---------- Available data

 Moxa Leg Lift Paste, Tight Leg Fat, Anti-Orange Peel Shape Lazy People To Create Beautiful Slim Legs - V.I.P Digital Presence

--------------------
---------- Available data

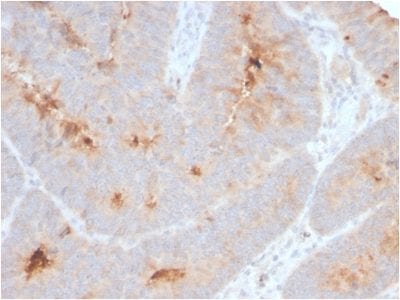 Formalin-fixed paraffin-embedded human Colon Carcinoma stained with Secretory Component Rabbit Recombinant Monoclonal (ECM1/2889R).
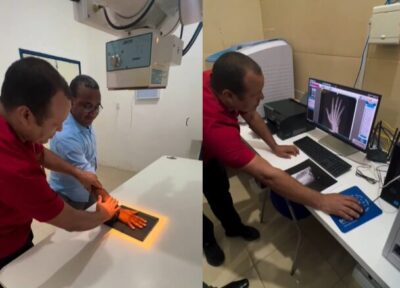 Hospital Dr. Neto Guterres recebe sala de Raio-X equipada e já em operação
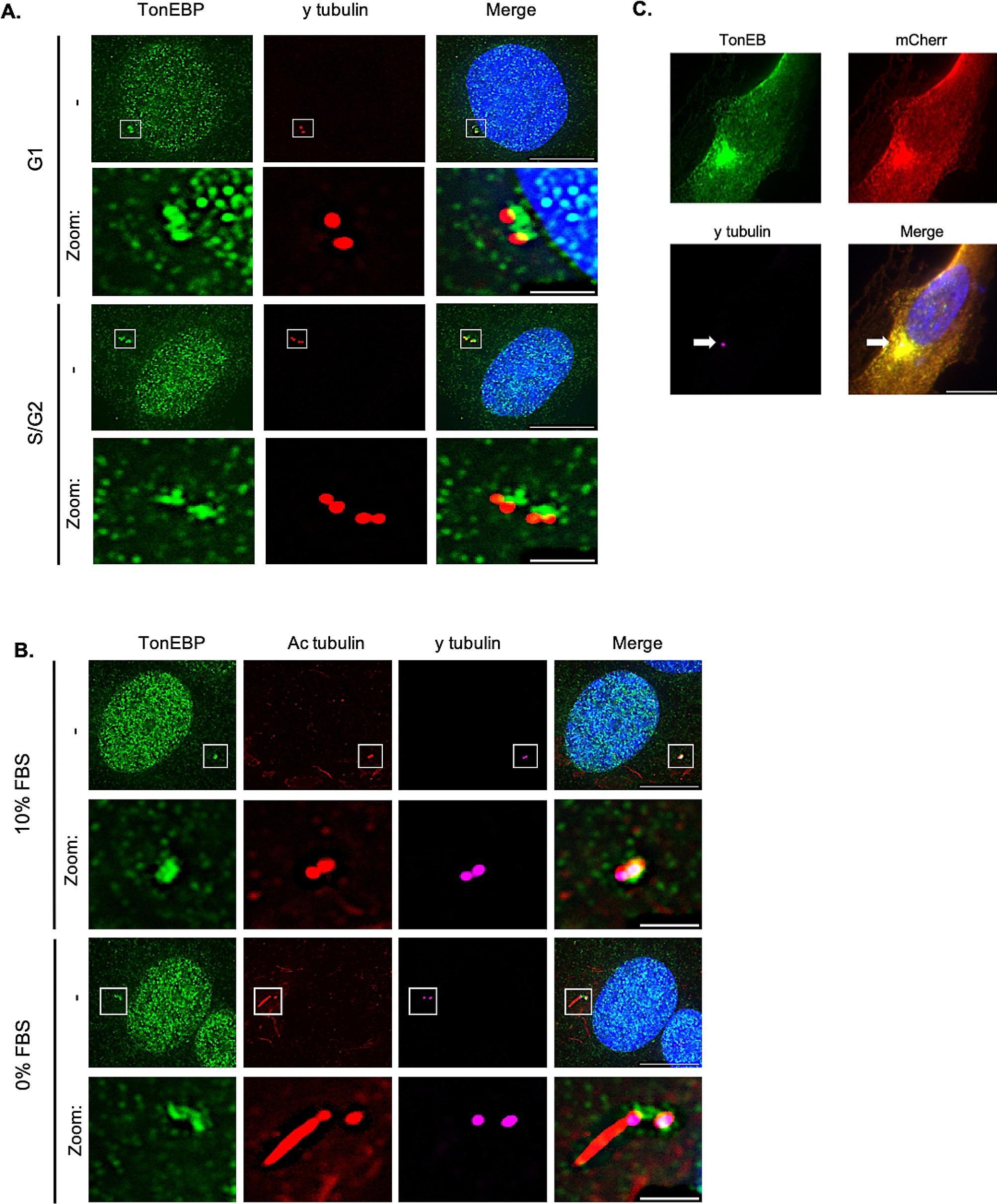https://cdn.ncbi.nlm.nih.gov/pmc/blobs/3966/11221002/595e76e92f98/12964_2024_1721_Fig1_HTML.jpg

--------------------

Reproduce the lines above beginning at the line that contains "Formalin-fixed paraffin-embedded human" and ending at the line that contains "Hospital Dr. Neto". No pictures.

◆ Written answer:
 Formalin-fixed paraffin-embedded human Colon Carcinoma stained with Secretory Component Rabbit Recombinant Monoclonal (ECM1/2889R).
 Hospital Dr. Neto Guterres recebe sala de Raio-X equipada e já em operação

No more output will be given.